No. I have kept my pledge and to the manifesto that I was elected on to ensure the people’s will to leave the EU is realised.
Why did you vote against the Prime Minister’s proposals (withdrawal agreement)?
Predominantly because of the Northern Irish Backstop. I worry that this would mean the EU having the ability to keep us in the Custom’s Union indefinitely without the UK being able to leave. In this scenario, the EU hold all of the power for any future negotiations.
Did you vote to take no deal off the table?
No, I believe no deal is a legitimate option for the UK and taking it off the table would undermine our ability to negotiate. I would like to have a deal that both sides can be content with but not at any costs. As a realist I understand that compromise is part of any negotiation, but unfortunately a ‘good deal’ appears to be becoming less likely. I am concerned that some sectors will suffer in the event of a no deal during the short-medium term, however I believe the long-term outlook for the UK would be a positive one.
Did you vote to extend the deadline for when we leave the UK?
No, I want the UK to leave on 29th March as it was legislated for in Parliament.
Don’t we risk no Brexit at all?
I fundamentally believe in democracy. We must leave the EU. That is why on the 3rd attempt at passing the withdrawal agreement I very reluctantly voted for it, as it became clear this Parliament will not allow a ‘no deal’ Brexit. I concluded that this is the only way to ensure Brexit happens at all, especially after the selection of certain motions by the Speaker.

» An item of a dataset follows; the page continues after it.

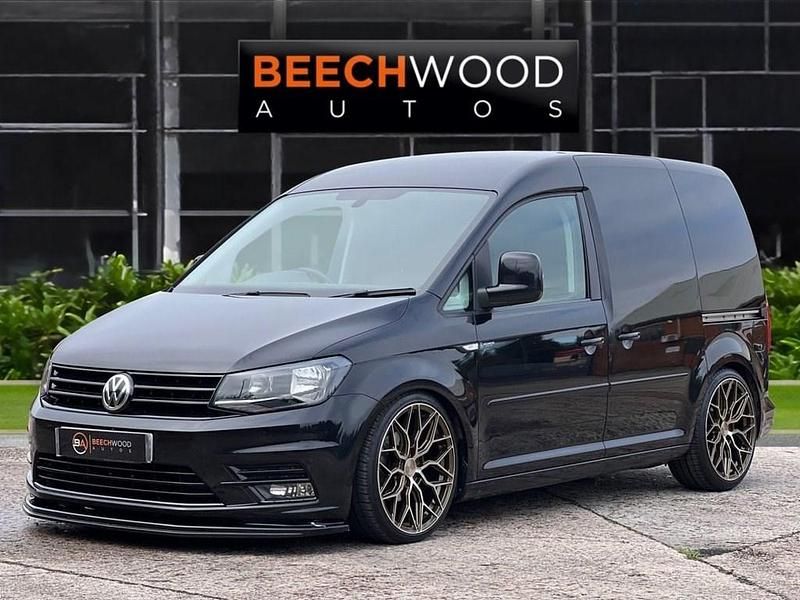 Used VW Caddy Highline 122 HP (89 kW) 2018 Black MPV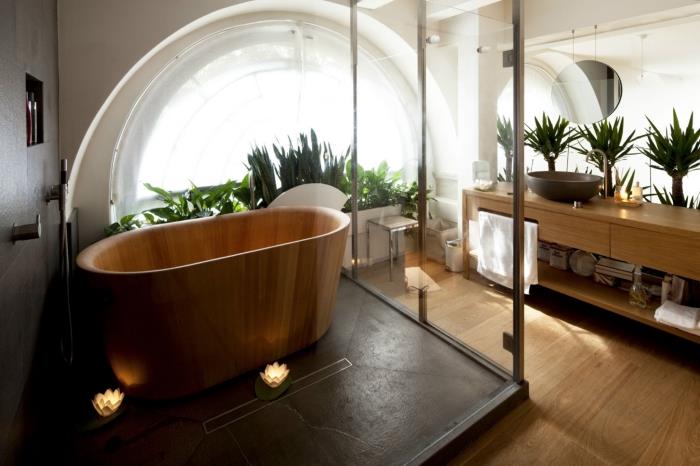 príklad, ako vyzdobiť kúpeľňu v sivej a dreve s bielou stenou, rozloženie kúpeľne s drevenou vaňou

How did you vote on the Indicative voting?
I voted against all of the alternatives apart from in favour of a WTO ‘no deal’ Brexit. I believe that this would allow us to take back control and respect the democratic referendum result. However, this was decisively rejected by Parliament (400 votes to 160)
The reality is that the arithmetic in Parliament means there is not a majority for one course of action for the way we leave. But Parliament has rejected WTO terms. Moreover, and regretfully, there are too many colleagues whose aims appear to be to subvert the people’s vote and remain in the EU.